In a dream there is a small, huddled crowd of people, their faces bright from the encroaching lava that is slowly crawling towards them from all sides. They are surrounded, and it is obvious to all of the individuals that there is no escape from the fiery death. So they do not ask how it is that they got here and they do not ask what they might do now to save themselves.

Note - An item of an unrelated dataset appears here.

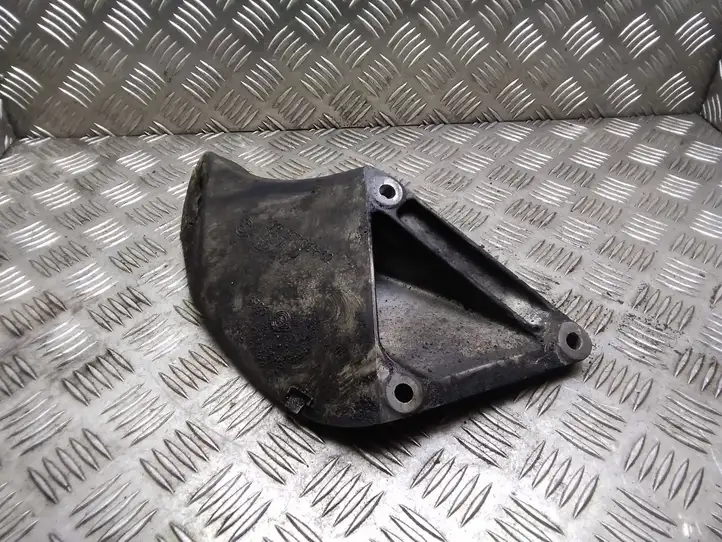 BMW 5 E60 E61 (2004 - 2010) 6771069 Кронштейн двигателя — фото 3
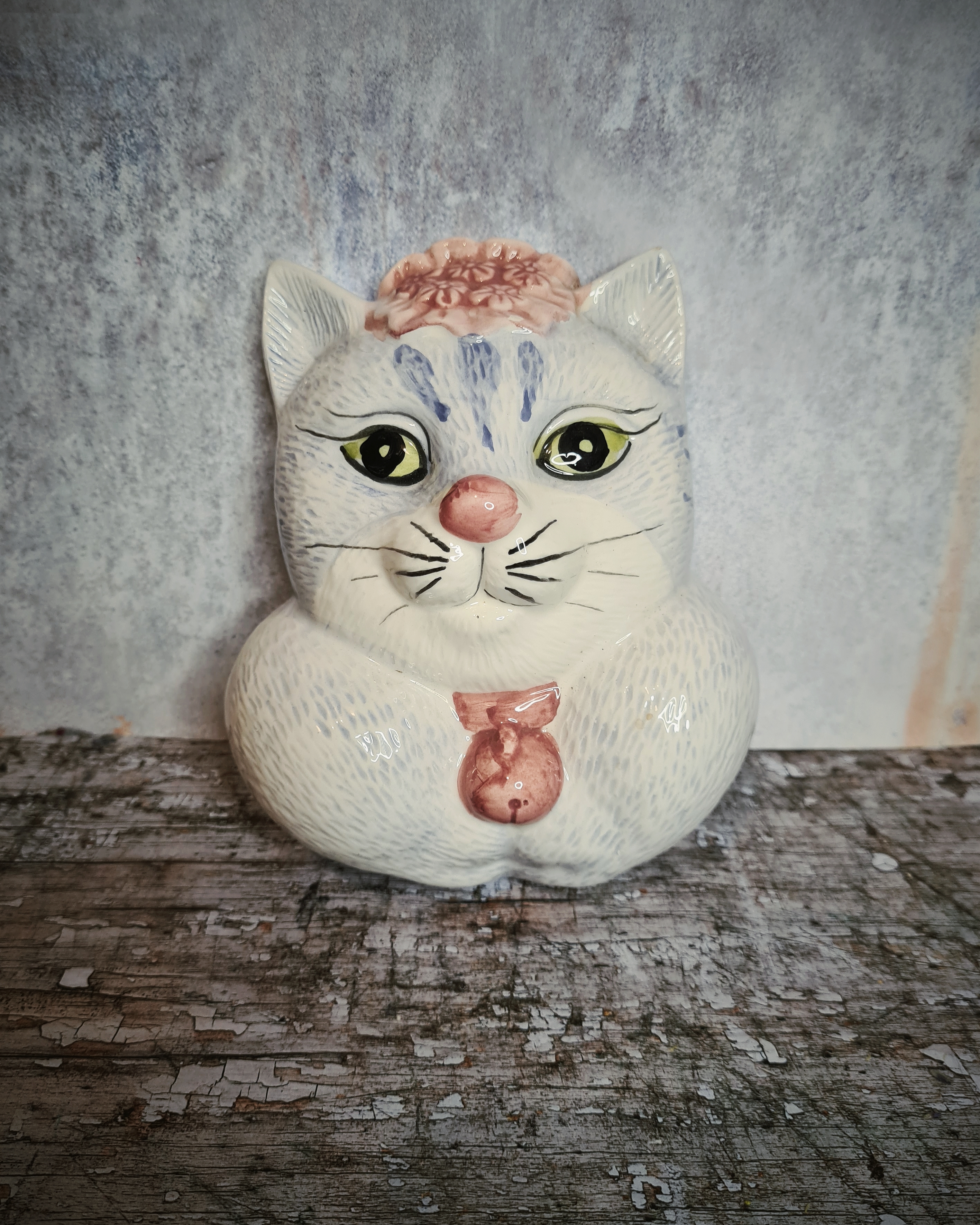 Vintage Kitsch Ceramic Cat Wall Hanging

Rather, in these final moments together, they crowd closer together, not to give themselves an extra breath or two, though naturally that too, but to actually get closer together, that in these moments before death they want to leave in the intimacy of each other, whether strangers or family or friends, they want to feel what it is to be loved and to be in the entanglements of intimacy with other bodies, the warmth of limbs, the prayers received from others, the tears of terror that transform into tears of generosity and gratitude, and they all grasp at each other, trying to feel each other’s bodies, each other’s hands, just, each other, and as the lava creeps further and further they can feel the heat from the steam, the skin on their faces starts to boil, those on the outer perimeter start to scream as their outer layers burn away and their feet simply disintegrate into the mass of lava, the intense heat (heat, here is probably an inadequate word to describe the actual temperature of that fiery mass that is about to consume them in totality) for just a blink of existence reminding them of what it means to feel anything in life and to feel anything in death, both the joy and all of the pain, all of those human feelings as a giant and intense mass, before they are obliterated and relieved of their burdens forever.

GA:  If you had to create a literary genealogy or family tree for The Sky Isn’t Blue, using art and literature by other folks, what might some of those be?

JL: Oh, so many! Including everything that’s referenced in the book itself. But a few:

Of course: The Poetics of Space by Gaston Bachelard. And also: Nashville (the TV show), Elliot Smith, Werner Herzog’s Of Walking In Ice, Rebecca Solnit’s A Field Guide to Getting Lost, Will Alexander, David Appelbaum’s Jacques Derrida’s Ghost: A Conjuration, Van Gogh and Emil Nolde, Béla Tarr (The Turin Horse, The Werckmeister Harmonies, Satantango, Damnation), Kandinsky’s Concerning the Spiritual in Art, Radiolab’s episode on colors, Amanda Ackerman’s writings on the compromised body, Maggie Nelson’s Bluets, Madeline Gin & Arakawa’s Architectural Body, Badiou on the event, The Last Books of Héctor Viel Temperley translated by Stuart Krimko, Jaime Sáenz’s poetry, Rilke’s The Notebooks of Malte Laurids Brigge, Alice Notley’s Alma.